Task statement:
The pictures stay out; all of the data is to be printed exactly.

Information supplied:
────

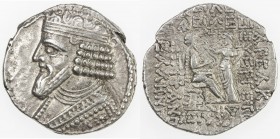 PARTHIAN KINGDOM: Gotarzes II, AD 40-51, AR tetradrachm (14.63g), Seleukeia on the Tigris, SE362, Shore-363, king's bust left, wearing diadem with loo...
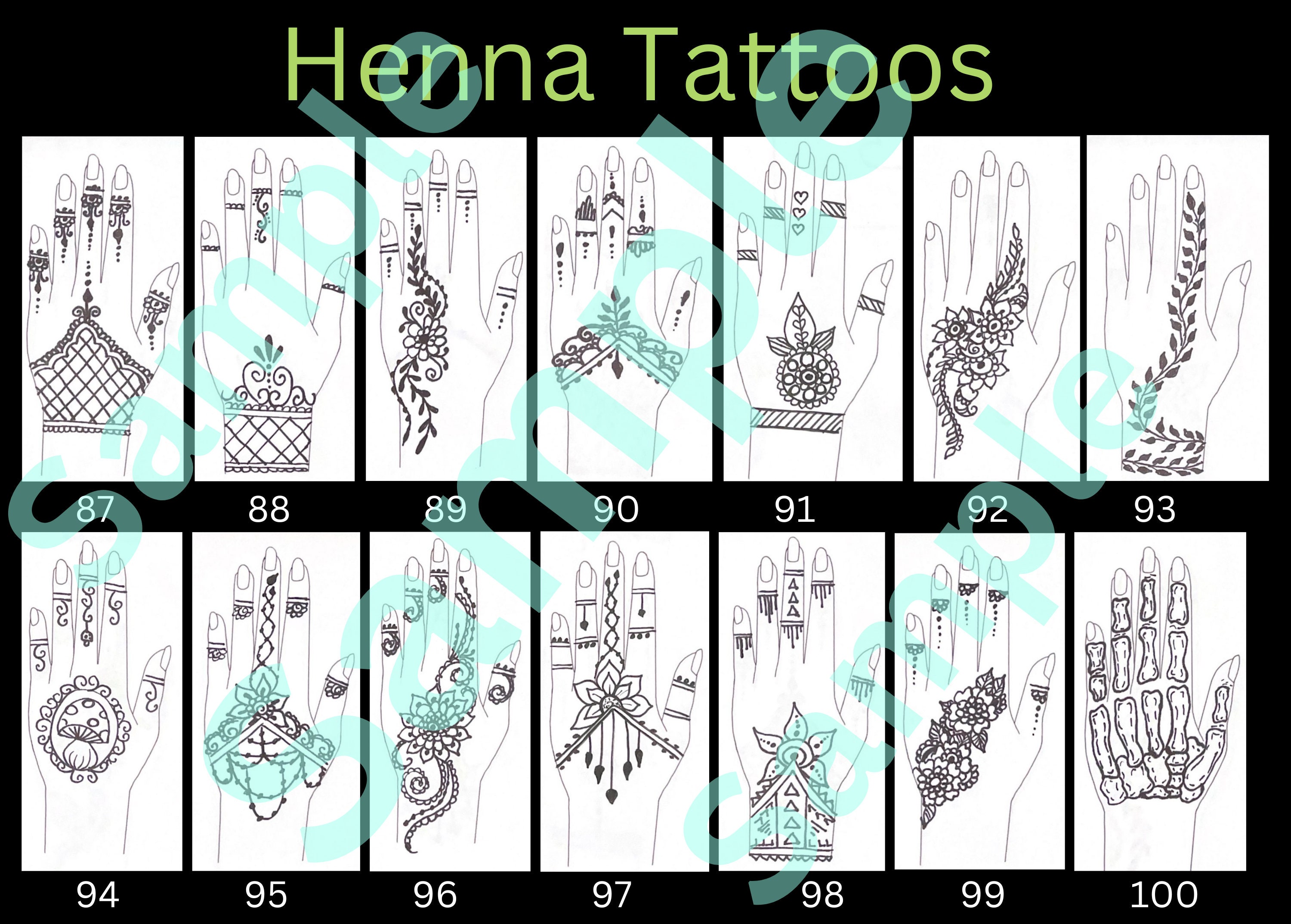 Henna Tattoo Book NO PRICES PDF Download - Etsy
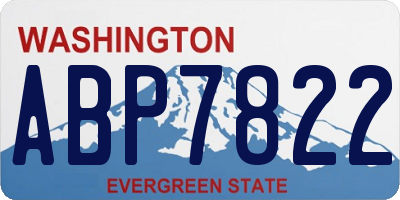 WA license plate ABP7822
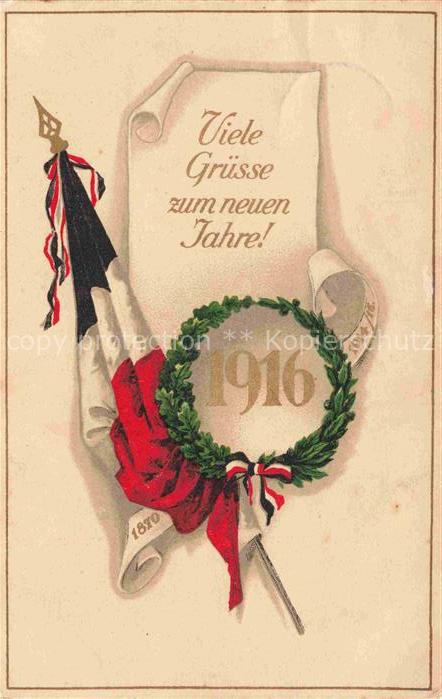 Jahreszahl-AK Year Annee Ano Schwarz Weiss Rot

────

Solved exercise:
 PARTHIAN KINGDOM: Gotarzes II, AD 40-51, AR tetradrachm (14.63g), Seleukeia on the Tigris, SE362, Shore-363, king's bust left, wearing diadem with loo...
 Henna Tattoo Book NO PRICES PDF Download - Etsy
 WA license plate ABP7822
 Jahreszahl-AK Year Annee Ano Schwarz Weiss Rot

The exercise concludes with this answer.